Durum kötü… Mustafa Dalcı da kanayan yaraya merhem olamadı. O da tıpkı Taşkın Aksoy gibi 3'te (0) çekti. Tablo o kadar umutsuz ki söz konusu Gençlerbirliği olduğunda sevgili meslektaşım Umut Çevik kadar iyimserliği üst düzeye vardıran ben bile bu kadar kötümsersem gerisini düşünmeyin bile.

Oynanan 15 maçta sadece 1 galibiyet ve 4 beraberlikle gelen 7 puanla kırmızı-siyahlılar, sıralamadaki 18'ciliği haftalardır kimseye kaptırmıyor! 13 maçtır galibiyete hasretlik sürüyor. Son 8 haftadır da sadece 1 puan alınabildi.

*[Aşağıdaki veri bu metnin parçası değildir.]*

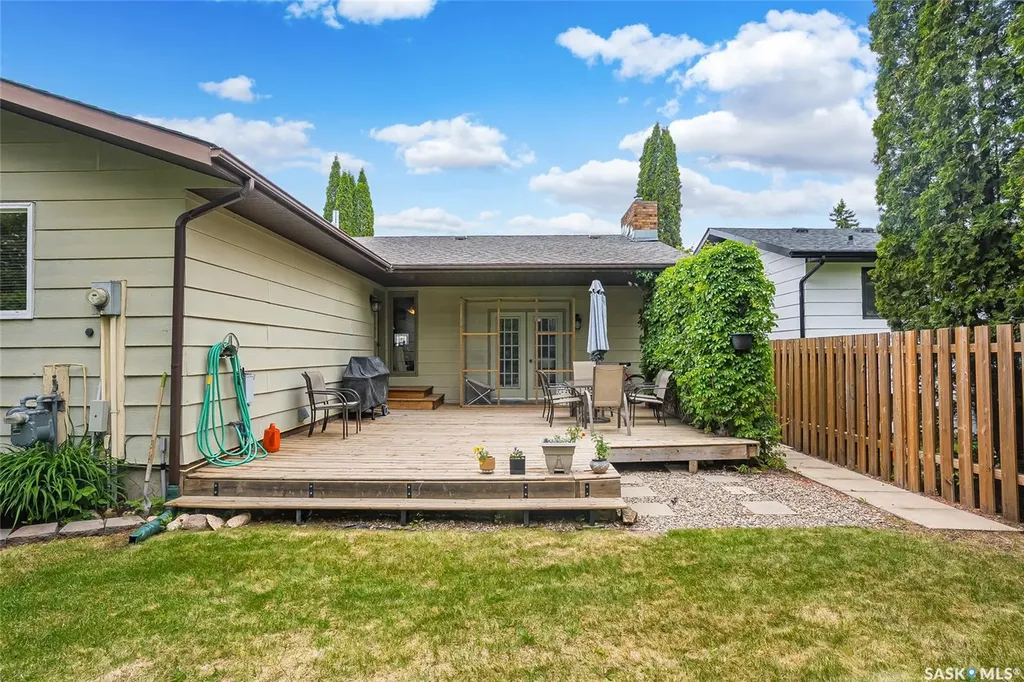 330 Whiteshore Way Saskatoon SK S7J 4C2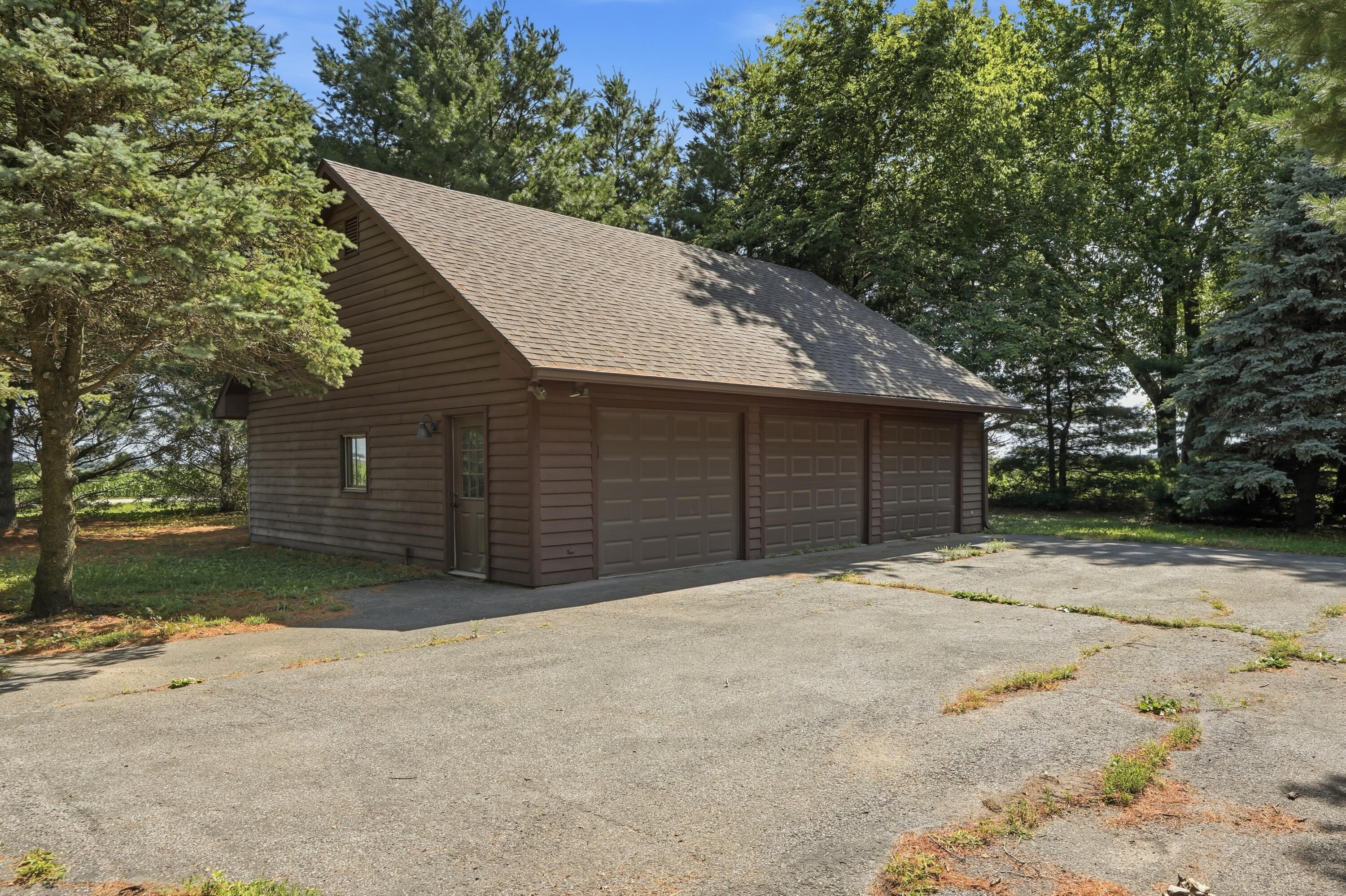 1046 W 1300 S, Kentland, IN 47951; Image #49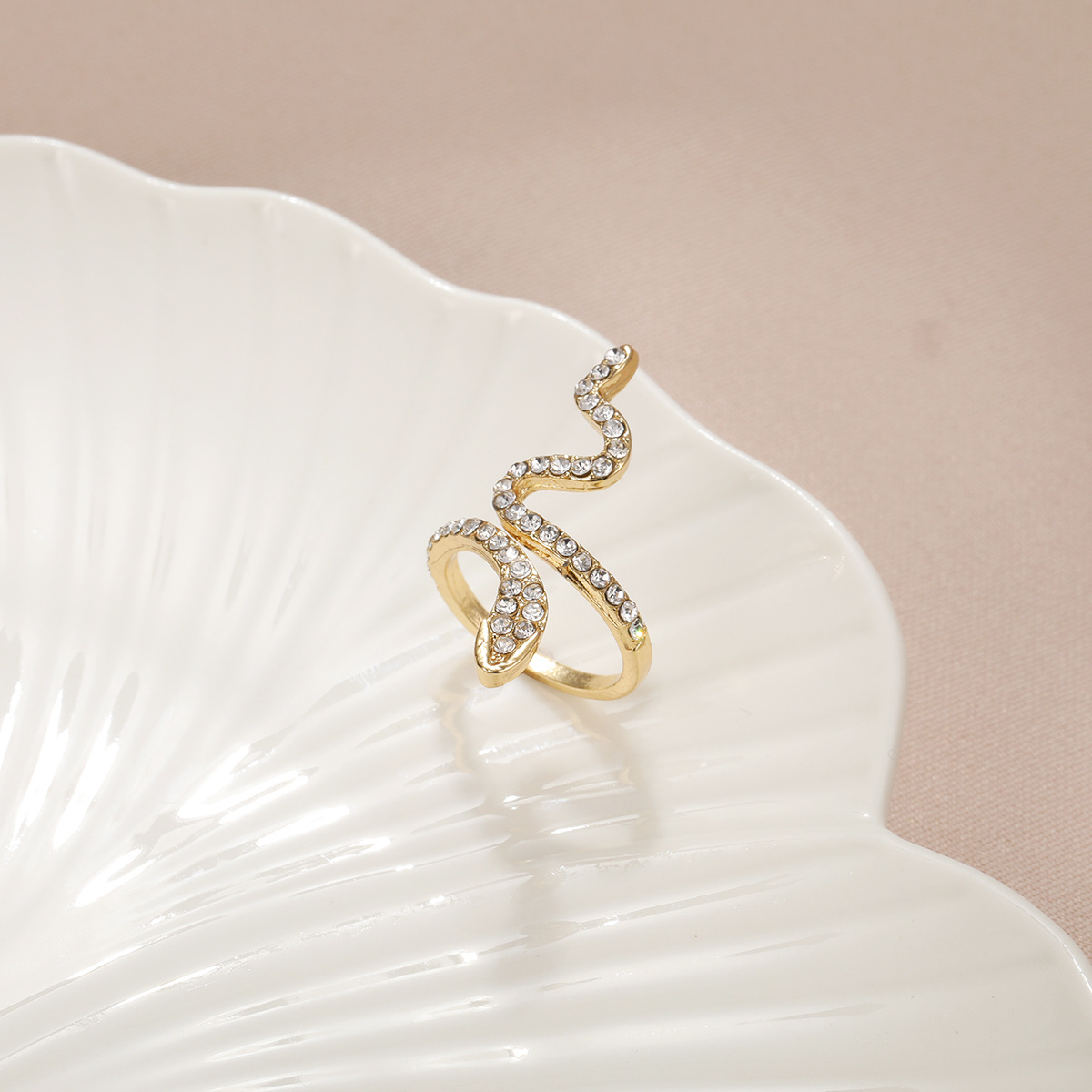 Hot Selling rhinestone snake ring female niche design cold style high-end open personality unique index ring fashion ring_voghion.com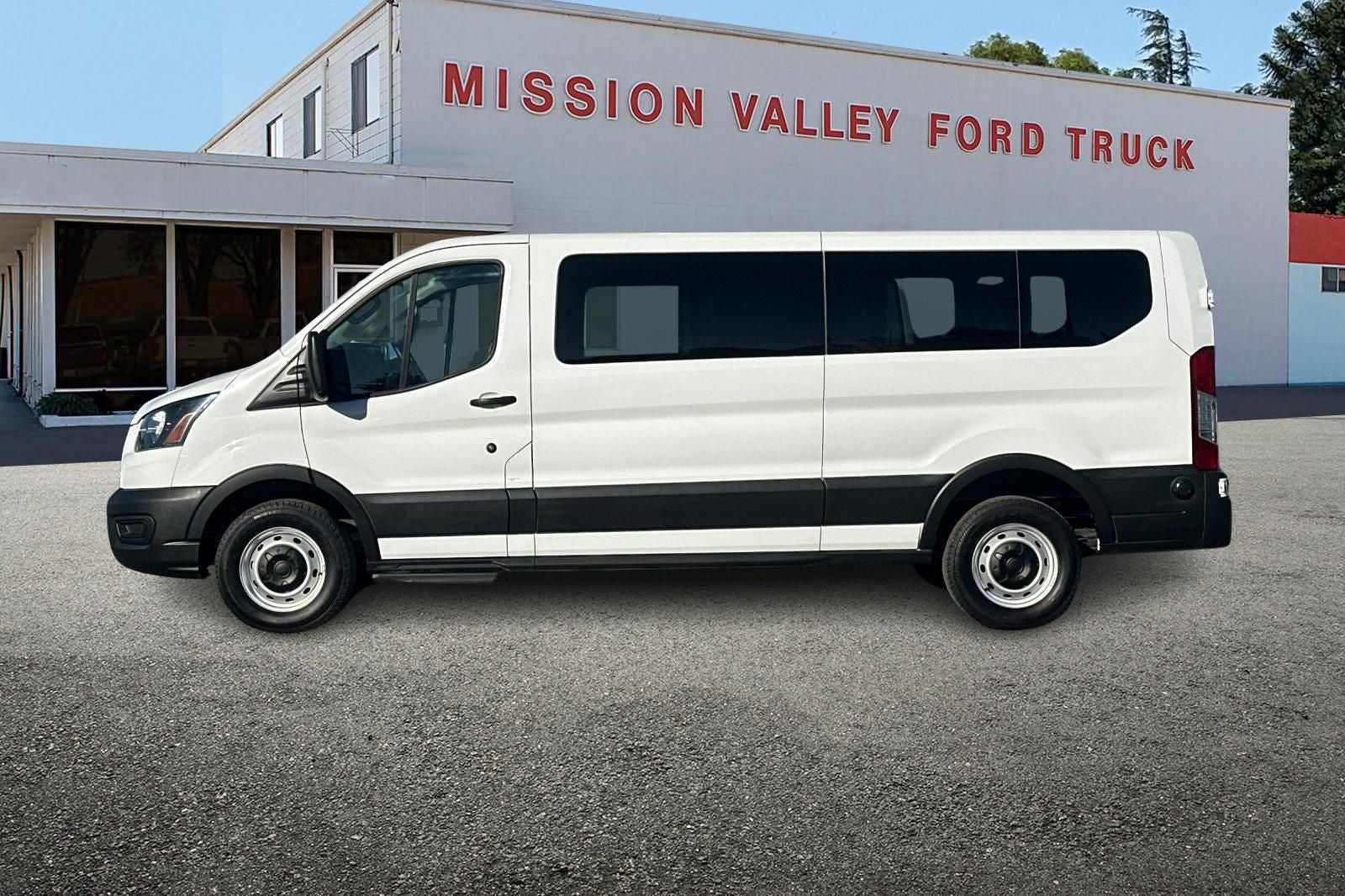 2024 Ford Transit-350 XL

Puanların 5'ini ilk 5 haftada görev yapan Metin Diyadin, diğer 2'sini de altyapı antrenörü Medet Coşkun aldırdı. Bu iki hocanın görev aldığı dönemlerde oynanan futbol gerçekten farklıydı. Bir kere teslimiyetçi zihniyet kimse de yoktu. Aynı gençler sahada mücadele ediyordu ama oyun anlayışları farklıydı, açıklarını daha çok mücadele ederek kapatmaya çalışıyorlardı. Sanki hocalarına daha çok inanıyorlardı.

Bodrum karşısında erken gelen gol, tüm ümitleri bir anda silip süpürmüş gibiydi. Ben gençleri ilk kez bu kadar silik bir oyunda gördüm. Düşünün bir takım ilk isabetli şutunu ancak 55.dakikada buluyorsa, tüm istatistiklerde yerlerde sürünüyorsa bırakın puanı- golü, hezimet yaşamadıklarına dua etmek gerekir.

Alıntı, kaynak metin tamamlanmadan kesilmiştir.